The waiver also works in combination with the Strategic Petroleum Reserve release — 172 million barrels being released over 120 days — and the International Energy Agency's unprecedented release of 400 million barrels from member nations' reserves. Together these measures can ease the domestic supply picture at the margin. None of them address the underlying problem, which is a global oil price spike driven by a military conflict that has effectively removed one-fifth of world oil supply from the market.
The Deeper Debate — Should the Jones Act Exist At All
The 60-day waiver has reignited the perennial argument about whether the Jones Act should be permanently repealed rather than occasionally suspended. Proponents of repeal argue the law has failed its original national security purpose — the US domestic maritime fleet has declined precipitously over the decades regardless of Jones Act protection, and the fleet that exists is inadequate to supply American military needs without foreign vessels anyway.
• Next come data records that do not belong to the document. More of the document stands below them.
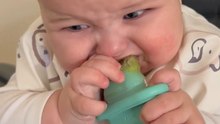 Child Tries Kiwi And Makes A Puckered Expression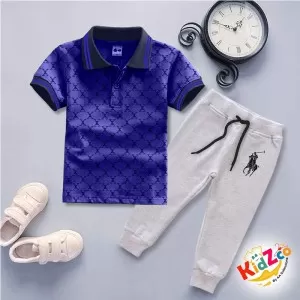 Branded Summer Half Sleeves POLO Style Tracksuit For Kids (D-01)
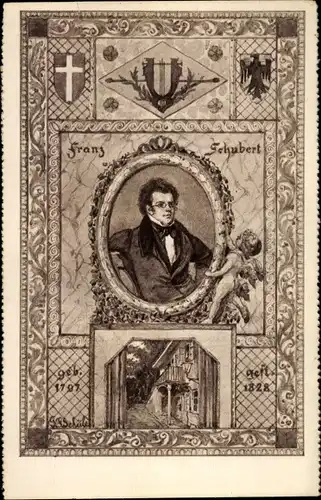 Künstler Ak Komponist Franz Schubert, 1797 bis 1828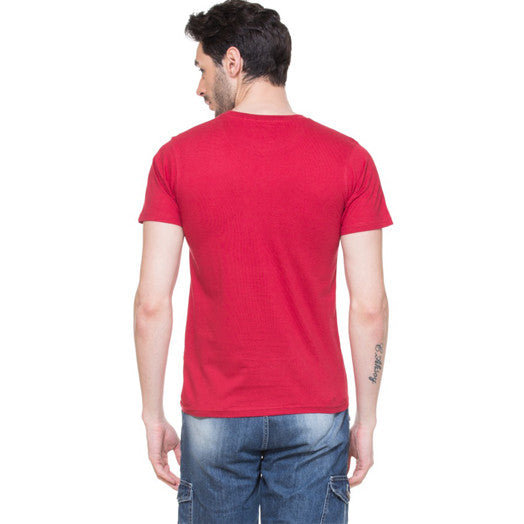 Flag Red Solid Pique Knit Polo T-shirt With Attached Blue Hem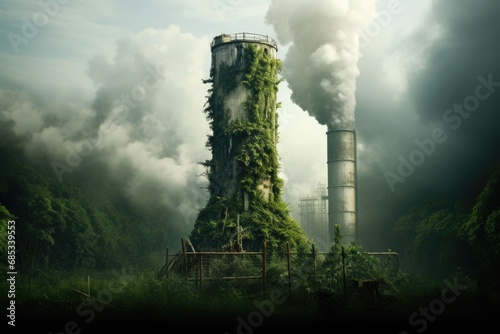 ,A factory's smoking stack raises awareness about the environmental impact of industrial activities, urging a shift towards cleaner alternatives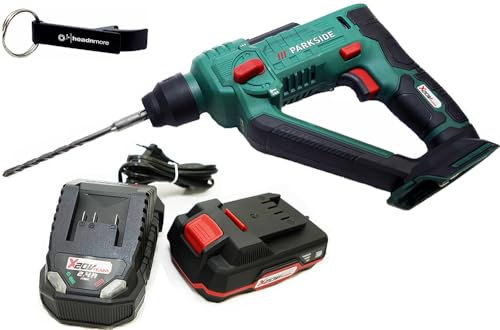 HEADNMORE® Parkside® PABH 20 Marteau perforateur sans fil 20 V avec mallette de transport + porte-clés HEADNMORE® (1 batterie 2 Ah)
They argue the law primarily benefits the small number of companies that operate Jones Act-qualified ships at the expense of American consumers and American territorial economies like Hawaii, Alaska, and Puerto Rico, which must pay dramatically higher shipping costs for basic goods as a result of the law.
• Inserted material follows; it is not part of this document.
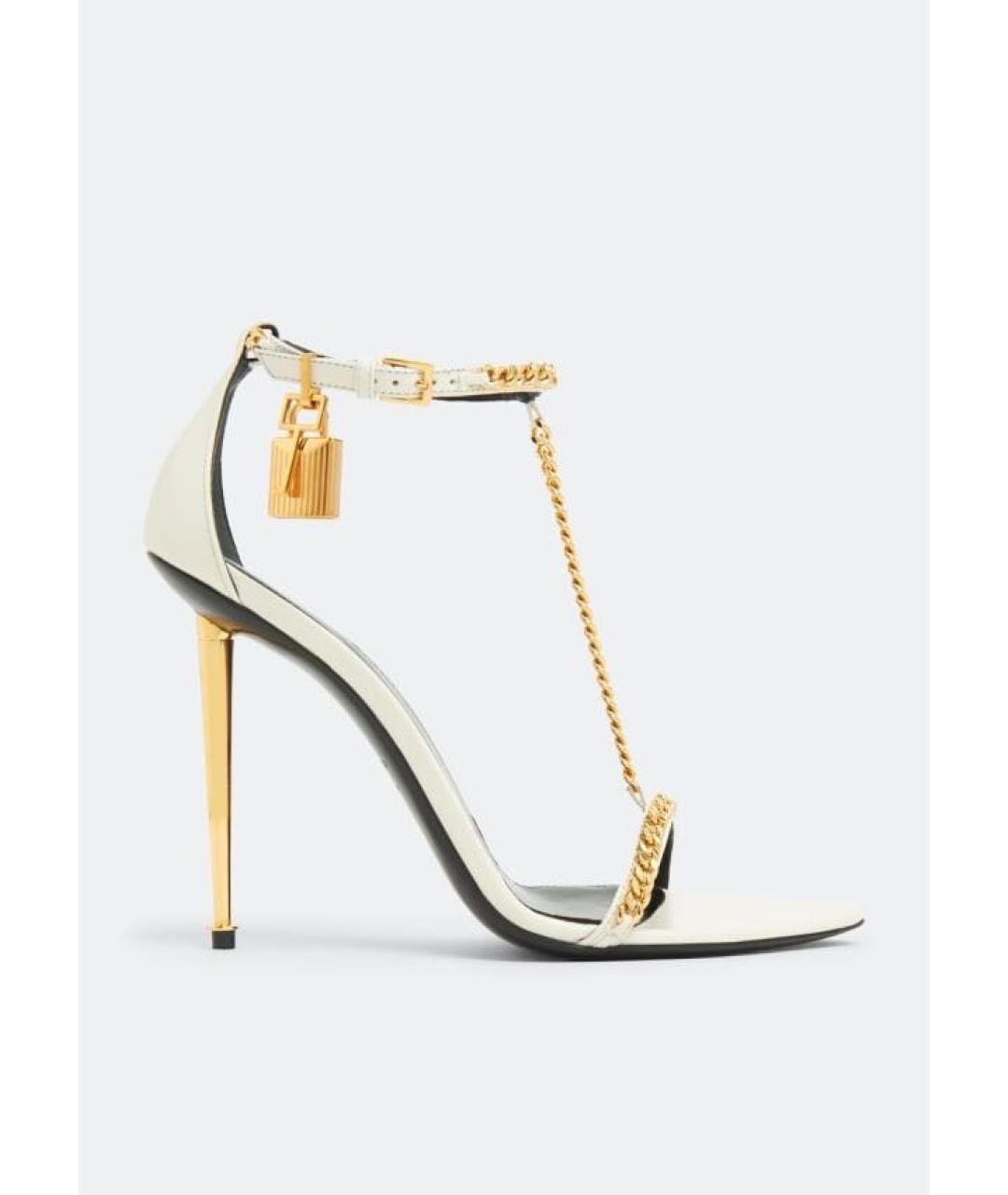 TOM FORD Белые кожаные босоножки, фото 9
Opponents of repeal — primarily maritime unions and the domestic shipbuilding industry — argue that eliminating the Jones Act would destroy what remains of American maritime manufacturing capability and make the country permanently dependent on foreign shipping for domestic commerce. They note that every major maritime nation protects its domestic shipping industry and that the national security rationale for doing so has not expired. They point out that the Jones Act workforce — tens of thousands of American sailors, shipyard workers, and related trades — would be devastated by elimination of the law.
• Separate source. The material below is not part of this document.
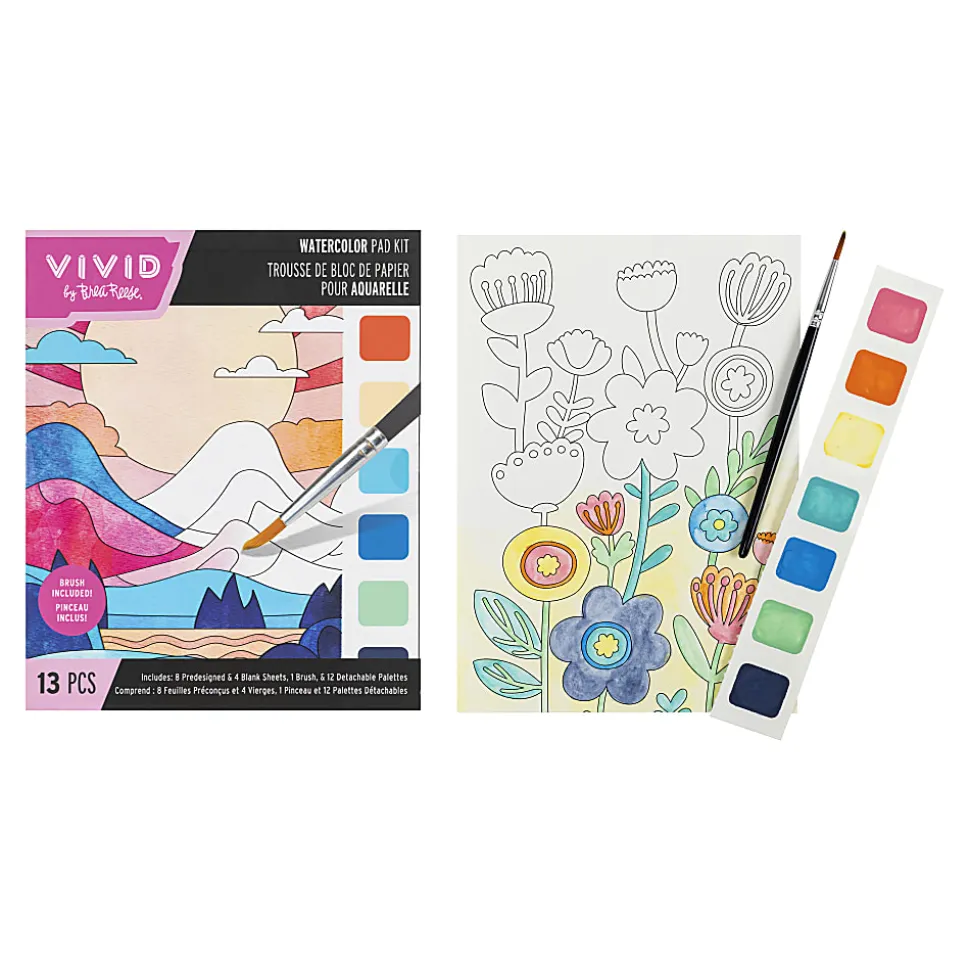 Vivid by Brea Reese® Nature Watercolor Painting Pad Kit, Kit Of 13 Pieces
The legal reality is that the Jones Act can only be permanently repealed by an act of Congress — and the political economy of maritime states, maritime unions, and defense interests has consistently blocked full repeal even when economists have made compelling cases for it. The 60-day waiver is not a step toward repeal — it is a temporary safety valve that the law explicitly permits during national emergencies affecting military operations.
For the complete text of the Jones Act and detailed analysis of how the 60-day waiver changes domestic energy shipping operations, the US Maritime Administration at maritime.dot.gov provides official guidance on waiver implementation and eligible vessel categories. The most comprehensive economic analysis of the Jones Act's long-term effects on American consumer prices and territorial economies is maintained by the Cato Institute's Herbert A. Stiefel Center for Trade Policy Studies at cato.org.
The Jones Act waiver of March 2026 is a textbook example of the gap between political communication and economic reality. The administration needed to show it was doing something about gas prices. The Jones Act was visible, controllable, and familiar enough that most Americans had at least heard of it. Waiving it for 60 days accomplished those political objectives entirely — it is a tangible, dramatic-sounding action that generates headlines and signals urgency. What it will not accomplish is bringing gas prices down by any amount that ordinary Americans will notice at the pump. For that, there is only one effective remedy — reopening the Strait of Hormuz. And no act of Congress, no executive waiver, and no strategic reserve release can substitute for the geopolitical solution that so far nobody has found a way to deliver.